[What you should do]
Copy out the data exactly as it appears, without a single image.

[Supplied information]
____________
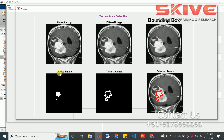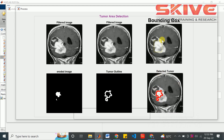This is the eroded and tumor outline image. Here, the detected tumor will be shown in this place. By this way, we can detect the tumor as well as the area of tumor present in the brain. Then we can treat the patients accordingly. Thank you.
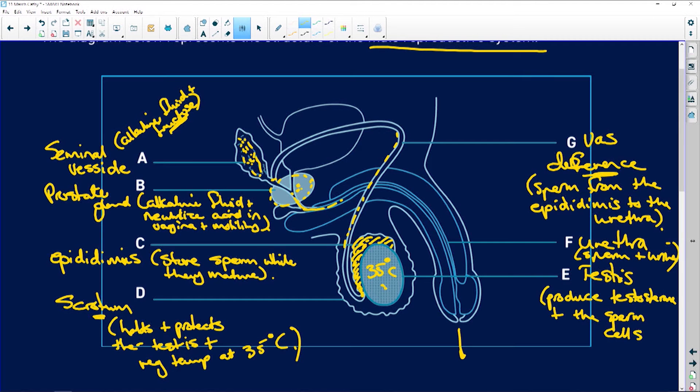The testes have two main functions: they produce testosterone — which is what makes men men, giving you your secondary male characteristics like hair on your face, Adam's apple, a deeper voice, and hair in other areas — and they produce sperm cells.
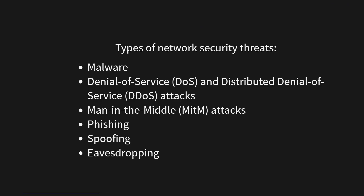Network security threats pose significant risks to the integrity and confidentiality of computer systems and data. Malware, a prominent threat, encompasses various harmful software such as viruses, worms, trojans, and ransomware, which infiltrate systems through infected email attachments, malicious websites, or vulnerable software.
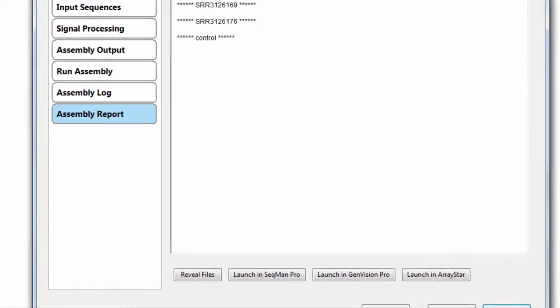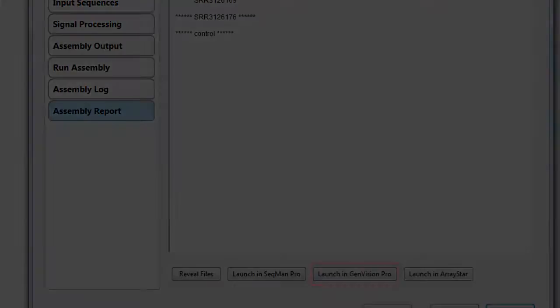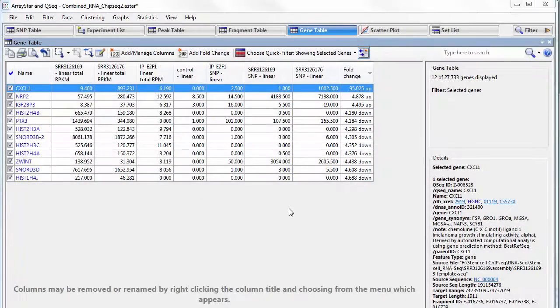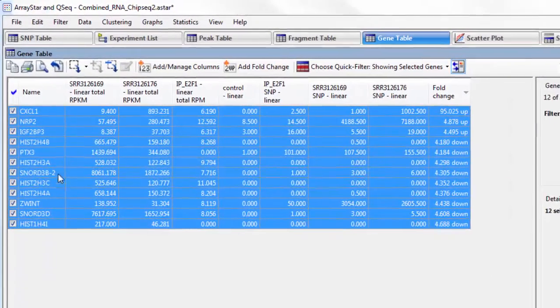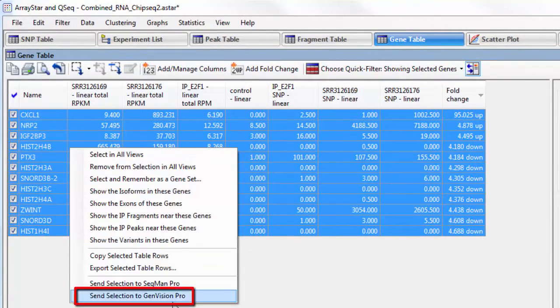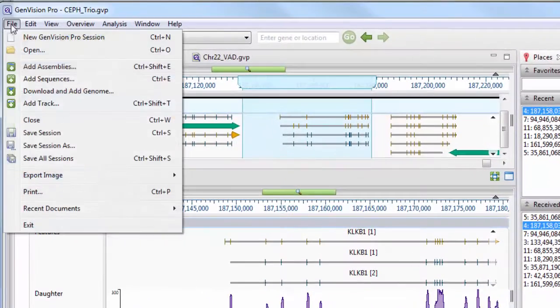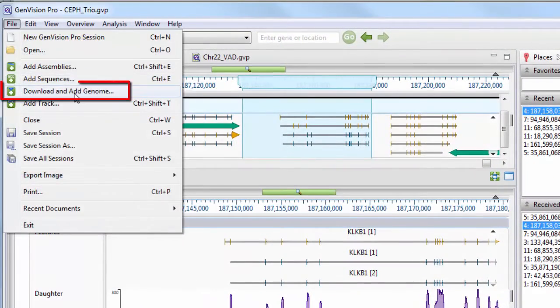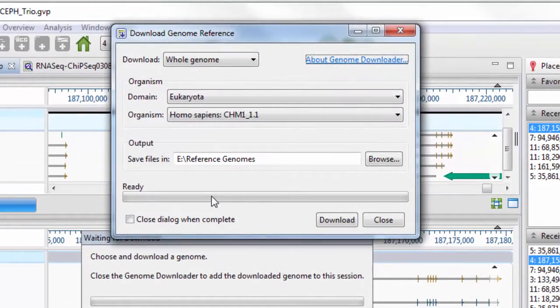Import genomic data directly from SeqManNGen or ArrayStar, making it simple to visualize groups of genes, peaks, or variants along the genome. You can also quickly import genomes directly from NCBI using our Genome Downloader.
____________
[Solved problem]
This is the eroded and tumor outline image. Here, the detected tumor will be shown in this place. By this way, we can detect the tumor as well as the area of tumor present in the brain. Then we can treat the patients accordingly. Thank you.
The testes have two main functions: they produce testosterone — which is what makes men men, giving you your secondary male characteristics like hair on your face, Adam's apple, a deeper voice, and hair in other areas — and they produce sperm cells.
Network security threats pose significant risks to the integrity and confidentiality of computer systems and data. Malware, a prominent threat, encompasses various harmful software such as viruses, worms, trojans, and ransomware, which infiltrate systems through infected email attachments, malicious websites, or vulnerable software.
Import genomic data directly from SeqManNGen or ArrayStar, making it simple to visualize groups of genes, peaks, or variants along the genome. You can also quickly import genomes directly from NCBI using our Genome Downloader.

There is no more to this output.